WHAT IS NEEDED:
Report all lines from the entries below in which "They" appears.

─── SUPPLIED DATA ───

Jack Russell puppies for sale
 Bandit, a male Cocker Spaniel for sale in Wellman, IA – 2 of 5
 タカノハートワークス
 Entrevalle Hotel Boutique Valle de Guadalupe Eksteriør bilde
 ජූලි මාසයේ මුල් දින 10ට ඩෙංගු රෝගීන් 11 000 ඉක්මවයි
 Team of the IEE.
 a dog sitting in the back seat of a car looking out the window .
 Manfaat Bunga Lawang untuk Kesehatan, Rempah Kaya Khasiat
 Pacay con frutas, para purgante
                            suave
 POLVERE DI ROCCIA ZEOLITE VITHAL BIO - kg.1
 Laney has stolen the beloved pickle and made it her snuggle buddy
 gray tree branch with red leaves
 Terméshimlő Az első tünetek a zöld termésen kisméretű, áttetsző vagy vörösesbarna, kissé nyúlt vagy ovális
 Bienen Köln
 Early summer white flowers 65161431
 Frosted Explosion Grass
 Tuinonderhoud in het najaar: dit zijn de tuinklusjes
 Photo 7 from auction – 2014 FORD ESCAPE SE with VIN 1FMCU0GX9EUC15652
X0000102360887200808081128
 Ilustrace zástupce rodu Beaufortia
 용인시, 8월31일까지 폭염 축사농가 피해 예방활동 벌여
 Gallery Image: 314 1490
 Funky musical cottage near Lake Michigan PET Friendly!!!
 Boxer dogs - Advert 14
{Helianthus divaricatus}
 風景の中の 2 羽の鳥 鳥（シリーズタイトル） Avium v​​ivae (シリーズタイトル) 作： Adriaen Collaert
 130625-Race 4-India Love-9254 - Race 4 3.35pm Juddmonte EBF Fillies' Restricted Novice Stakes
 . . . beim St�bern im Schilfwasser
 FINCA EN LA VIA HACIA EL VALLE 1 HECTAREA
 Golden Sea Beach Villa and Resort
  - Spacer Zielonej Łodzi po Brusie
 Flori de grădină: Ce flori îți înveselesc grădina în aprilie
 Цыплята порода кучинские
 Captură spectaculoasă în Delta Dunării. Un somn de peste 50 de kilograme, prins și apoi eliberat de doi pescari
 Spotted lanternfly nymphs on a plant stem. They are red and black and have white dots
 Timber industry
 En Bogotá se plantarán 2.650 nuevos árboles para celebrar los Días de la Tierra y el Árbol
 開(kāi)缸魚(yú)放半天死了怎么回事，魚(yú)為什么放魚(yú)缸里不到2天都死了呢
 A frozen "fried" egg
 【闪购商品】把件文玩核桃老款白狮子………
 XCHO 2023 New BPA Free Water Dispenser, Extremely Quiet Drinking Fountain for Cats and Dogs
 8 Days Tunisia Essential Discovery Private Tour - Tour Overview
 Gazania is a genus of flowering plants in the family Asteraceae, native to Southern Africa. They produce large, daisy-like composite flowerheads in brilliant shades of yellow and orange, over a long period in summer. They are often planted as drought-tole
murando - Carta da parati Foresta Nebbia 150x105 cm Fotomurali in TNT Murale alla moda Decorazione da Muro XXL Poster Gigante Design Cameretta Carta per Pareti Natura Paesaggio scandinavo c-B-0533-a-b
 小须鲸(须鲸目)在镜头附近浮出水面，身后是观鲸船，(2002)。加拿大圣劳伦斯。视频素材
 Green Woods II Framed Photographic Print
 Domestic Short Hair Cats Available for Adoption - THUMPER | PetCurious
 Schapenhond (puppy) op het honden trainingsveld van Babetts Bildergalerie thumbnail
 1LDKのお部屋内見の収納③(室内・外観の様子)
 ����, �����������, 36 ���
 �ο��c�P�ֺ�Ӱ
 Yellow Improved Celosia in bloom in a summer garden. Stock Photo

───

OUTPUT:
 Spotted lanternfly nymphs on a plant stem. They are red and black and have white dots
 Gazania is a genus of flowering plants in the family Asteraceae, native to Southern Africa. They produce large, daisy-like composite flowerheads in brilliant shades of yellow and orange, over a long period in summer. They are often planted as drought-tole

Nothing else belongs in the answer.